What once was taken for granted is no more.

A few tree scientists still believe that the American chestnut can be revived and restored.  Trust me, it can’t.  When something is gone it is gone.  Over is over.  No amount of striving or grieving will bring back that which is lost.

It is what it is.

Barbed wire came next, a nasty little invention that worked well but also inspired bloodshed among neighbors.  Down here we pronounce it “bob wire,” but a rose by any other name will still draw blood if you try to cross it.

Today most folk build fences to keep things in.  Or more often just for show, depending on the size of their bank account.  Neat lines of square post and treated lumber create a nice little pastoral accent for a country estate.  Paint it white for that extra touch of highfalutin.  Things to be kept in strictly optional.

Whether for in or out, the thing about a fence is that it needs constant tending.  A great Yankee poet once wrote “something there is that doesn’t love a wall.”  The man who builds a fence has a lot of things working against him — weather, trees, brush, animals, and even neighbors.

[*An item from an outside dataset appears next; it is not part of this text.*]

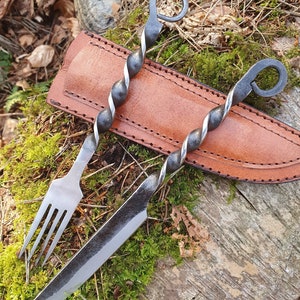 Puede incluir: Dos brochetas de metal forjadas a mano con un diseño retorcido y asas de bucle, junto con un tenedor a juego y una funda de cuero. El cuchillo tiene una hoja larga y curvada. Los artículos descansan sobre musgo verde y una superficie de madera envejecida.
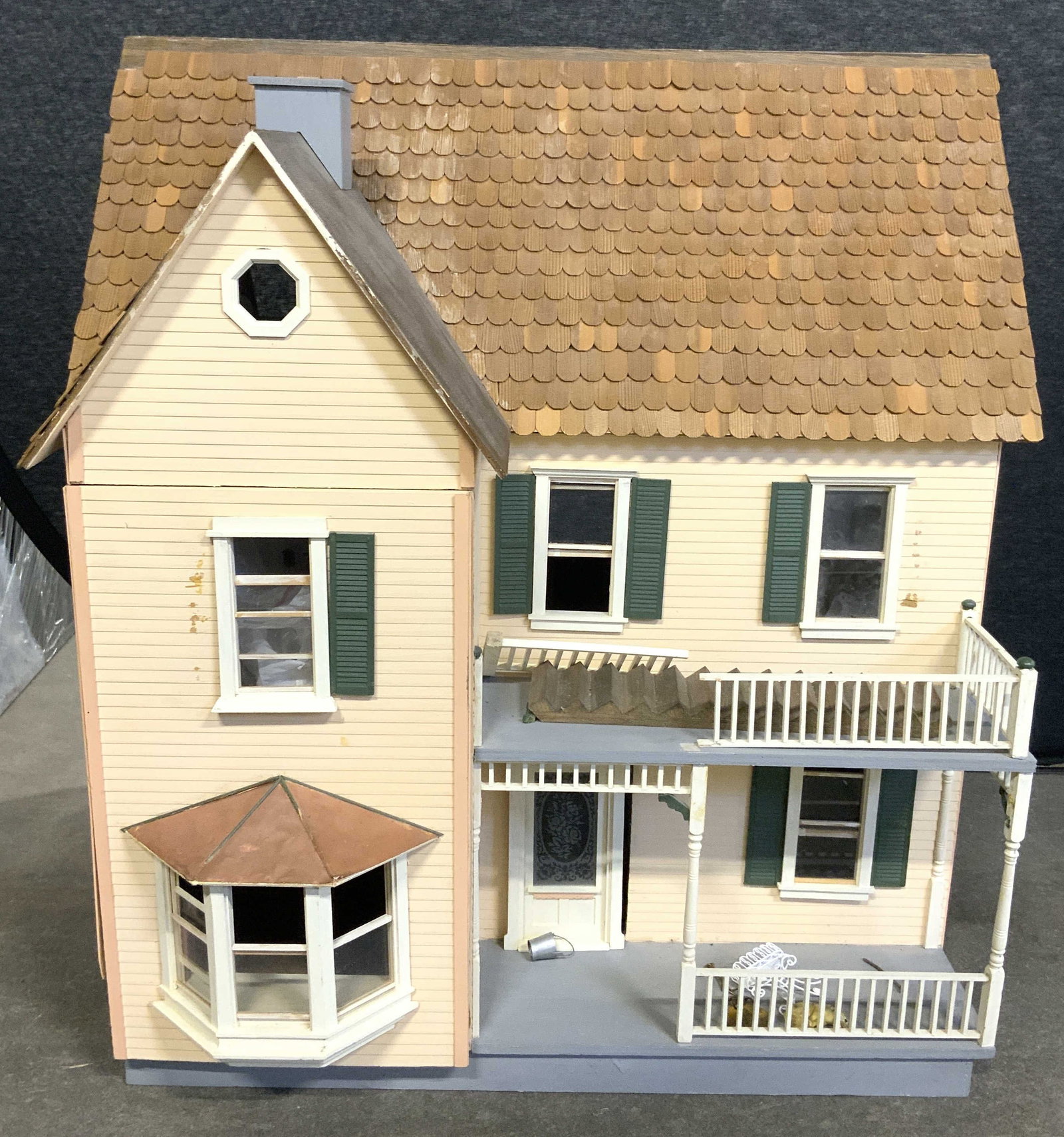 Vintage Doll House W Accessories 32inH: Doll house is vintage. Piece has 2 floors & attic area. Doll house includes various accessories & doll house furniture. Doll house measures approximately 32 inches tall 30 inches wide 25 inches deep.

Fence-tending involves introspection — lots of walking, looking, searching for weak spots.  Constant vigilance.  Continual repair.  Methods and materials may change, but sweat still smells like sweat in any century.

A single breach is all it takes to bring ruin. The bull is in the neighbor’s pasture.  Dog’s in the road.  Anybody seen grandma lately?

Whether to keep out or in, a man has his reasons for the fences he constructs.

My advice is to build them high and strong, neighbors, and don’t ever neglect your tending.  A weak fence is wasted time that you will never get back.